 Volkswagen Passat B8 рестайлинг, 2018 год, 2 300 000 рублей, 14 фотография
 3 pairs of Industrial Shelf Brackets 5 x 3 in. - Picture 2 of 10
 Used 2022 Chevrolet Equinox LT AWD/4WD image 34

...

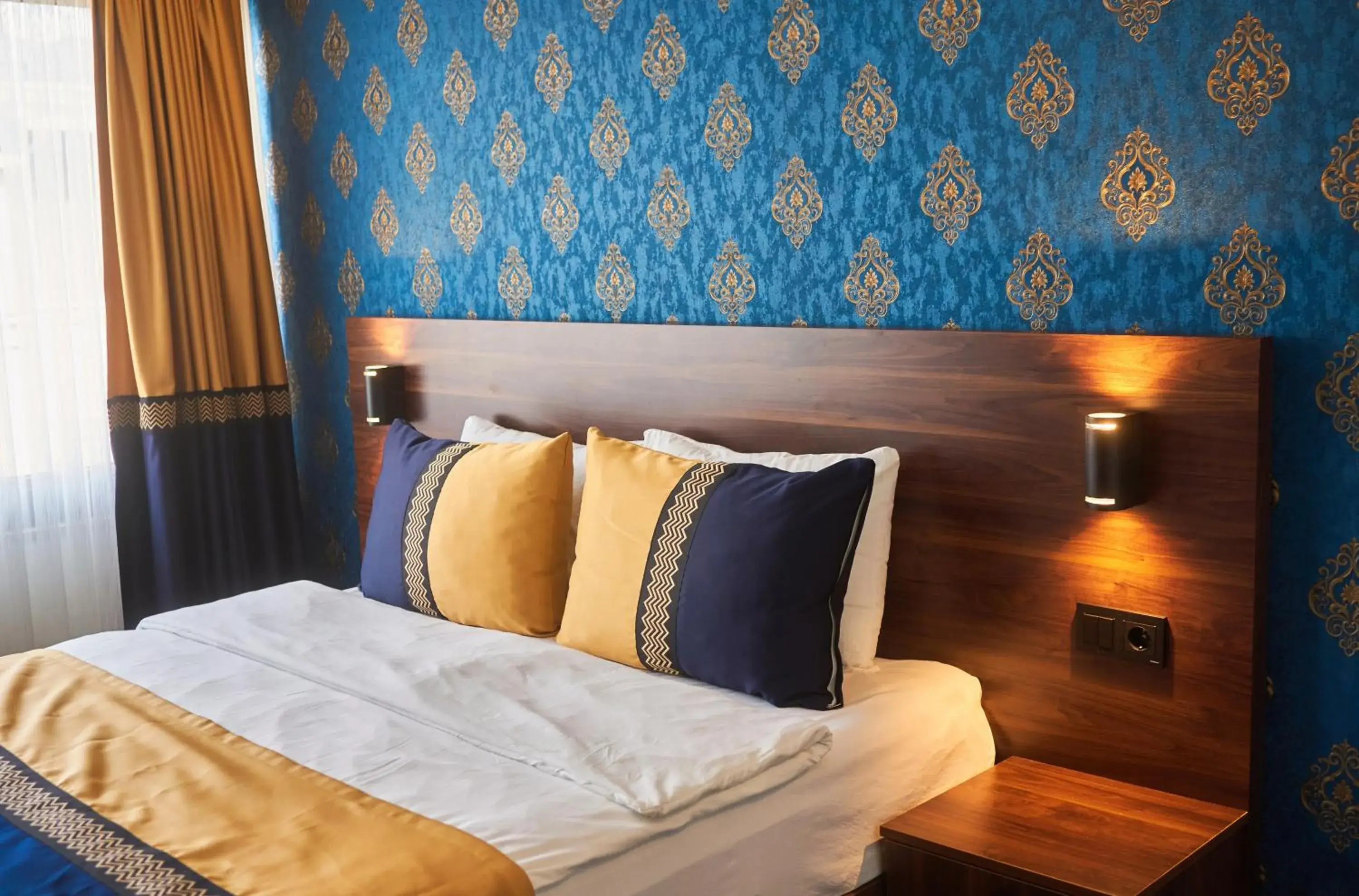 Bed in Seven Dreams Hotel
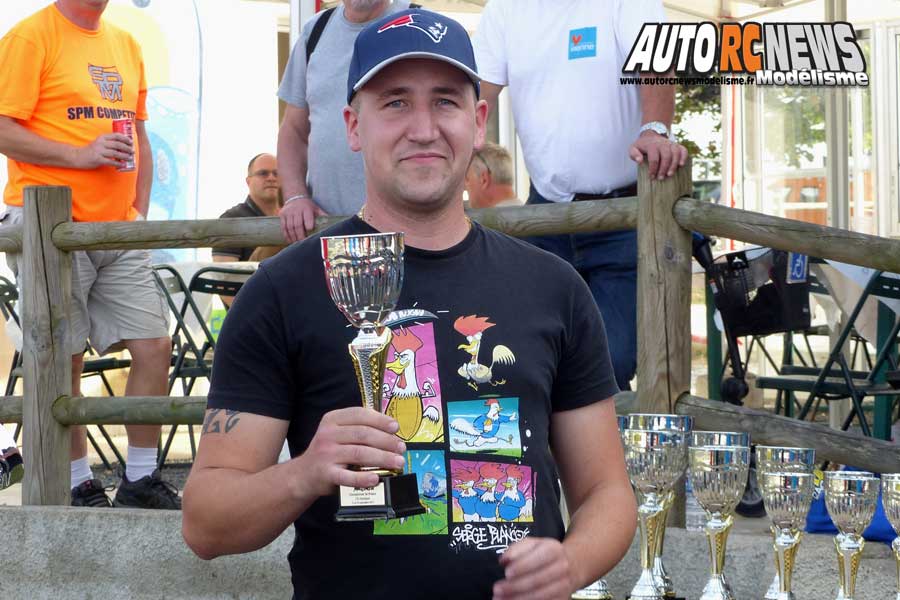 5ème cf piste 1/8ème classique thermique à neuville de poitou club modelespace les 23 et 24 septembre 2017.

### Work order
Word for word, restate the lines above from the line containing "3 pairs of Industrial" through the line containing "Used 2022 Chevrolet", with both included and nothing else.

### Written reply
 3 pairs of Industrial Shelf Brackets 5 x 3 in. - Picture 2 of 10
 Used 2022 Chevrolet Equinox LT AWD/4WD image 34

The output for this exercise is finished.